The analyst is tracking price action around key resistance for potential short-term exhaustion.
Aditya Birla Capital may be gearing up for a long-term rally, but a near-term pause could be on the cards.

SEBI-registered analyst Rajneesh Shama flagged a "clean cup and handle breakout" on the weekly chart, with volume and structure aligning with classic bullish setups.
At the time of writing, Aditya Birla Capital shares were down 0.3% at ₹270.36.
However, the stock is now trading near a key resistance zone at ₹286.20, the upper boundary of a long-term ascending channel.
Weekly relative strength index (RSI) is hovering around 79, which is a level that historically signals short-term exhaustion.
“Whenever RSI crossed 78–80, a short-term pause or correction followed,” Sharma noted, adding that recent volume spikes resemble earlier setups where consolidation preceded further gains.
Sharma expects any pullback toward ₹250–₹240 to be a “textbook retest” offering dip-buying opportunities.
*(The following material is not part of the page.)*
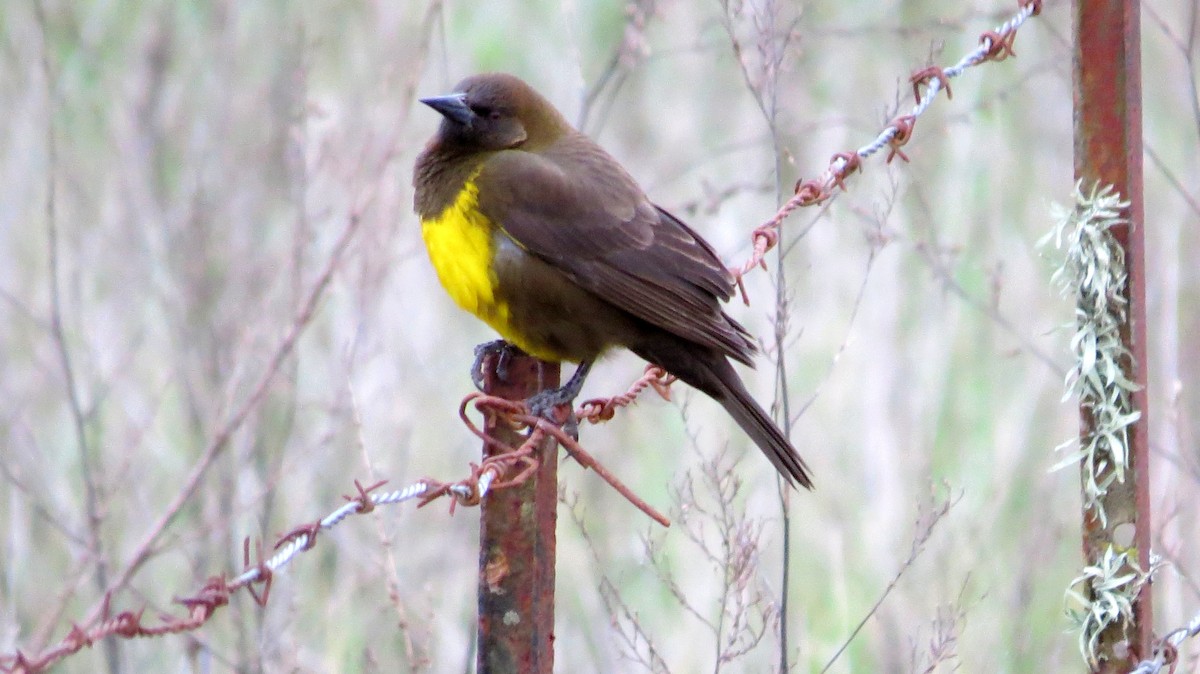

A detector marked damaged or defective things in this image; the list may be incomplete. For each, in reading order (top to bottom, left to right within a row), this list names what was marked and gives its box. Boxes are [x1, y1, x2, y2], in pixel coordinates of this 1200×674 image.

rusty metal fence post [475, 354, 559, 666]
rust stain on post [475, 352, 559, 671]
rust stain on post [1075, 0, 1147, 662]
rusty metal fence post [1075, 0, 1147, 666]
A tight stop-loss below ₹238.90, the breakout point, is advised.
On the long-term front, Sharma sees potential for a sustained uptrend.
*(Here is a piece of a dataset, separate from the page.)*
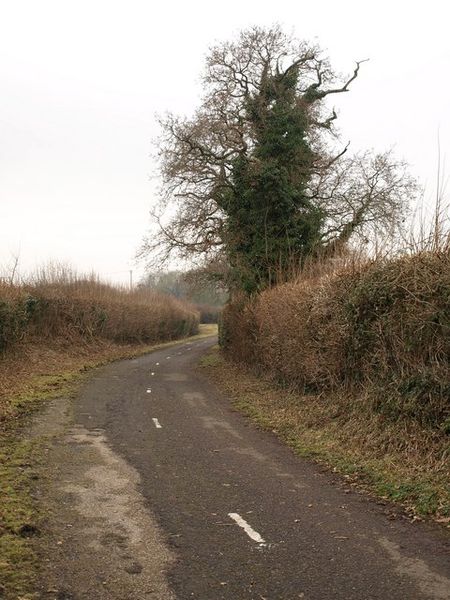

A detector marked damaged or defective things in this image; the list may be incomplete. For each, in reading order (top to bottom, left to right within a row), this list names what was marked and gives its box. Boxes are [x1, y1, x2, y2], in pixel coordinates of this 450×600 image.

patched asphalt [41, 338, 446, 600]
Based on the cup and handle depth of ₹216 and a breakout above ₹238.90, he projects a technical target around ₹455.10.
He also said the breakout aligns with the stock’s ongoing channel pattern, strengthening the bullish case.
“As long as price holds above ₹238.90, the structure supports a long-term move toward ₹450–₹460,” Sharma said, favoring a buy-on-dips strategy for positional traders.
The stock has risen 51% so far in 2025.